Home Fence Planning How to Tighten Barbed Wire Fencing

How to Tighten Barbed Wire Fencing

by Judy Knowler

Barbed wire is a popular material on today’s farms. Typically, it’s used for fencing cattle enclosures, because it is durable, cost-effective, and an excellent barrier for both your animals and any predators that may want to cross the fence line.

While barbed wire is considered a low maintenance option for cattle fencing, it does require regular attention (like all fencing) to keep it in good shape. It’s important to continually clear debris or overgrowth from the fence line, and every once in a while — when a segment of the fence starts to sag — you’ll need to tighten the wires.

How do you tighten barbed wire fencing? We have a few helpful tips right here for you.

The Importance of Keeping Your Fence Tightened

First, let’s discuss why you need to tighten your barbed wire fencing.

A fence wire can become loose for many reasons. An animal could lean on the wire and push it over, a post could shift due to the animals or extreme weather, and sometimes the wires shift as they expand and contract with the temperature. But no matter the reason, the result is the same: a fence with an open section where anyone can wander in and out.

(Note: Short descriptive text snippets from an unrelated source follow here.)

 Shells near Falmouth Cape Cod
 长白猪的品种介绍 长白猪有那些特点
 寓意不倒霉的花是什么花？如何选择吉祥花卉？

Your fence is the key to keeping your animals safely inside their enclosure and keeping other pests away from them. If any part of the fence is loose or sagging, the fence will become much less effective, which can result in trouble for your cattle. Tightening the fence is the best way to ensure your animals are safe and secure.

Types of Tools for Tightening Your Fence

If you notice that a portion of your barbed wire fence is loose, it’s wise to tighten it as soon as possible. But don’t simply grab onto the wire and start pulling. You won’t be able to tighten the wire effectively if you don’t have the right tools.

For tightening a barbed wire fence, be sure you have a sturdy pair of pliers, a wire grip, or a come-a-long on hand. You can use one of these tools to get a tight grip on the wire to pull it taught more effectively and safely than with your hands alone.

Another tool you might need to tighten your wire fence is a wire stretcher. This tool is ideal for severely sagging or broken wires because it can help you stretch your wires to their limits and give you a tight fence line that stays put for quite some time.

How to Tighten a Barbed Wire Fence

Once you have your tools in hand, it’s time to head over to your sagging fence. The first thing you should do is make sure that the area is clear for you to work, without any debris or vegetation in your way.

If you’re using pliers to tighten your fence, simply grab a section of the loose fencing (between the barbs) and twist the wire 90 degrees. This should make a “z”-shaped dent in your wire, which will add tension to your wire. Continue this process along the length of the wire until it is taught once again. Finally, use a staple to secure the newly tightened wire to the fence post.

If you’re using your fence stretcher, clip two sides of the wire to either end of the stretcher. This is easiest to do if the wire is broken (you can cut the wire if it’s not already severed). Then, use the ratchet to pull the two-wire sections taught. Wrap any overlapping sections around each other and cut the excess wire. Secure your wire to the fence post with a staple and you’re done!

Tightening barbed wire is a relatively simple process, no matter which tool you use. However, it is important not to make the wire too tight. This can cause the wire to snap, which can injure you or one of your animals. Your fence line should be taught, but not ‘banjo tight’. This will ensure that your fence is tight enough to be effective, but not so tight that it becomes a danger.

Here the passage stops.